--- Work item ---
An exact, complete copy of the entries is needed, with the pictures left out.

(Stored entries)
^^^^^^^^

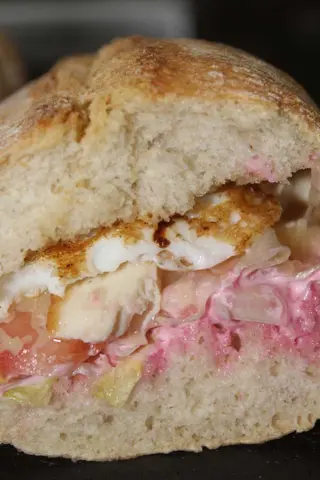 Bocadillo Special ED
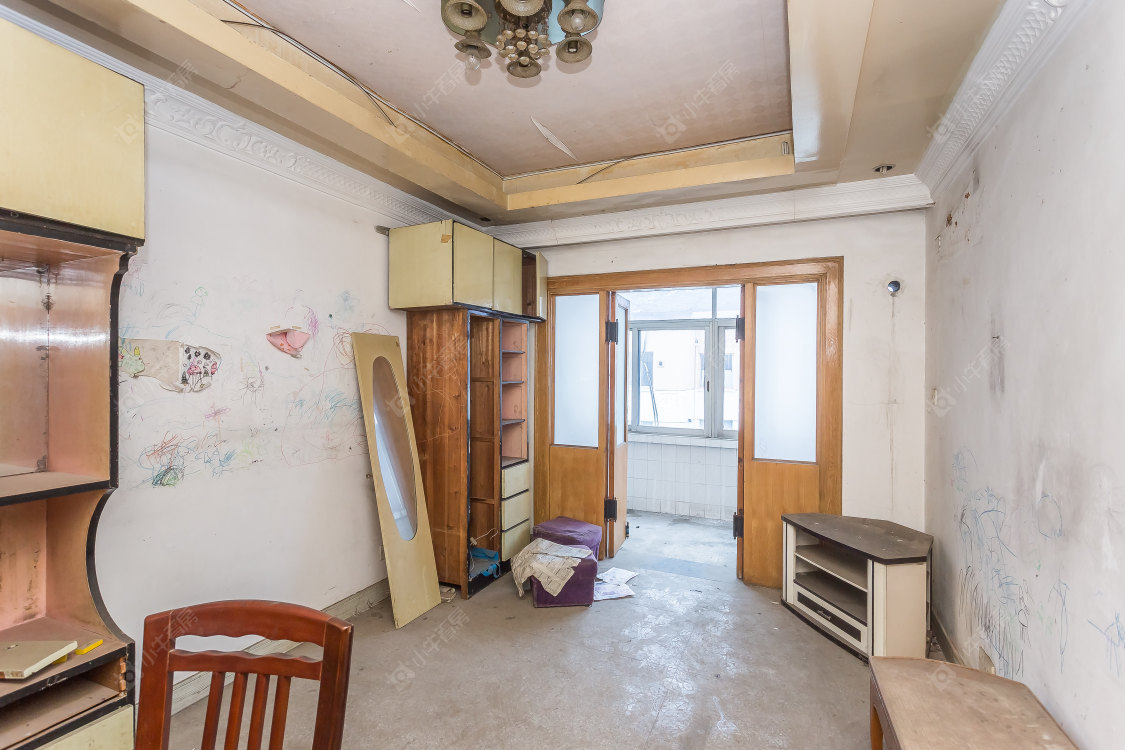 常州坛园在售二手房源室内图_小牛看房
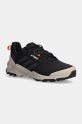 adidas TERREX buty AX4 Beta C.RDY syntetyczny czarny IG8851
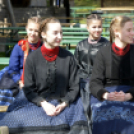 Húsvét a Lajta Néptáncegyüttessel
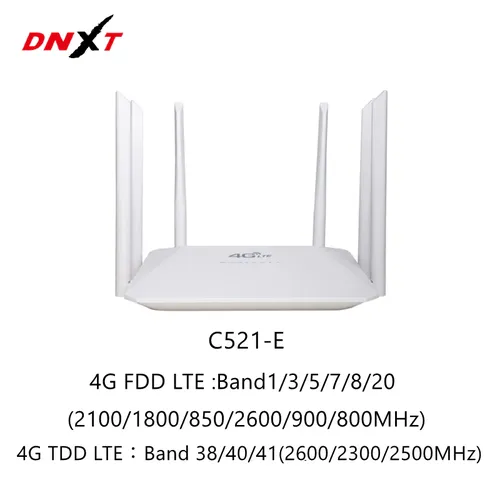 WI-FI Роутер с 6 антеннами CPE210M 56502, фото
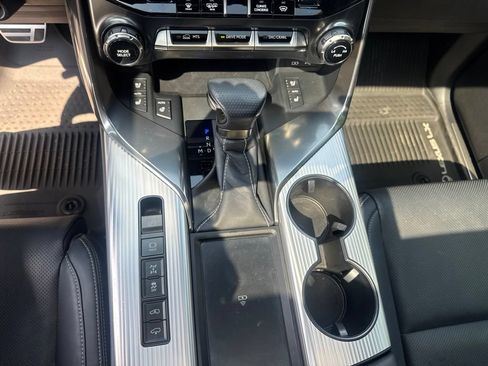 Used 2024 Lexus LX 600 F Sport AWD/4WD image 27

^^^^^^^^

--- Response to this exercise ---
 Bocadillo Special ED
 常州坛园在售二手房源室内图_小牛看房
 adidas TERREX buty AX4 Beta C.RDY syntetyczny czarny IG8851
 Húsvét a Lajta Néptáncegyüttessel
 WI-FI Роутер с 6 антеннами CPE210M 56502, фото
 Used 2024 Lexus LX 600 F Sport AWD/4WD image 27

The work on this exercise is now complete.